__TASK TO CARRY OUT__
Return each line of the data below that contains the string "days".

Saved entries

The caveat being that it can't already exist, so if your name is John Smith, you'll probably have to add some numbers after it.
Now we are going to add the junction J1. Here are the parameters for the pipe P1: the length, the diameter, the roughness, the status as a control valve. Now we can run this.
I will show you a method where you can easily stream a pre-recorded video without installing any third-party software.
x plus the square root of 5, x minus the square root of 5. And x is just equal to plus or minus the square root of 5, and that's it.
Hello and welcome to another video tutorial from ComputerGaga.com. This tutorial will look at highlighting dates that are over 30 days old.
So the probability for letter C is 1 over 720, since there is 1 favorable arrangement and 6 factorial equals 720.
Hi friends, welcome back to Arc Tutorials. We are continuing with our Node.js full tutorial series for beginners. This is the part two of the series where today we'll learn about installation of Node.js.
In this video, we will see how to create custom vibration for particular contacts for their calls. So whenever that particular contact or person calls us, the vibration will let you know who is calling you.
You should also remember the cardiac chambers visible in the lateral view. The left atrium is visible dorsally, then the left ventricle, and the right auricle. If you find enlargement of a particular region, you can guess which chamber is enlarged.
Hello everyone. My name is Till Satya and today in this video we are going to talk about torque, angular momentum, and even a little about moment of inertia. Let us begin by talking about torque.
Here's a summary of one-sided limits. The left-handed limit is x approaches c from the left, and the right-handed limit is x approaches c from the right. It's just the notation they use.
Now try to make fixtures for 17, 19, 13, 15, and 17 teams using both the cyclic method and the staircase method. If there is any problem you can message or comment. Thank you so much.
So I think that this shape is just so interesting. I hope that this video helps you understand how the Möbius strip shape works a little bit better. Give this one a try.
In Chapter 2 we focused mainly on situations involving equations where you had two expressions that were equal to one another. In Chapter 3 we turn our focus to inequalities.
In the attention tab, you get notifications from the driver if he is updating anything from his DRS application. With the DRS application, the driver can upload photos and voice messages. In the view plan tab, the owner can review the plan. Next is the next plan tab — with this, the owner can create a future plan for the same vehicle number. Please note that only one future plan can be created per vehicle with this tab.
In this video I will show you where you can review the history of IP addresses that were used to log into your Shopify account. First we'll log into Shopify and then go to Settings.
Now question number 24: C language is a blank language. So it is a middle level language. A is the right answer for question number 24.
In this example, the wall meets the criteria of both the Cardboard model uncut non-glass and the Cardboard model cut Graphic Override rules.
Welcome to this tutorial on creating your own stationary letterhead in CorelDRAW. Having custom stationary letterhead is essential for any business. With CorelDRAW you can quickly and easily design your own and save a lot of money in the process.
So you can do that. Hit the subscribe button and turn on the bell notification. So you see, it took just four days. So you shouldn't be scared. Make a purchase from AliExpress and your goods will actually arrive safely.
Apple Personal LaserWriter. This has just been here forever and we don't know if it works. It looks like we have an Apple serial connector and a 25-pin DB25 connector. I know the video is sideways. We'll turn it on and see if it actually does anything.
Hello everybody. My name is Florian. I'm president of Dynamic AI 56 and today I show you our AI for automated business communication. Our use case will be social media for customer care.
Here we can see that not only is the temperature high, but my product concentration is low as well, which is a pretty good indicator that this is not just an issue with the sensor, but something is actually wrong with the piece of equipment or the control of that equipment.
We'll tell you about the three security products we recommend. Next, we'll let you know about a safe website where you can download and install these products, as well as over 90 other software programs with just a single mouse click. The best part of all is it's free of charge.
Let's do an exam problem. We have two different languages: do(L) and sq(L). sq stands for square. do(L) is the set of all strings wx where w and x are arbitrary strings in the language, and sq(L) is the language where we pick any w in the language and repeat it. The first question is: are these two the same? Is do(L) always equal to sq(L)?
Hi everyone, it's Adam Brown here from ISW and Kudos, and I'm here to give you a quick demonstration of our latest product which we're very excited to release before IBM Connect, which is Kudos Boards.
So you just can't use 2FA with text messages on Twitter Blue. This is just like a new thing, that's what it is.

__SOLUTION TO THE PROBLEM__
Hello and welcome to another video tutorial from ComputerGaga.com. This tutorial will look at highlighting dates that are over 30 days old.
So you can do that. Hit the subscribe button and turn on the bell notification. So you see, it took just four days. So you shouldn't be scared. Make a purchase from AliExpress and your goods will actually arrive safely.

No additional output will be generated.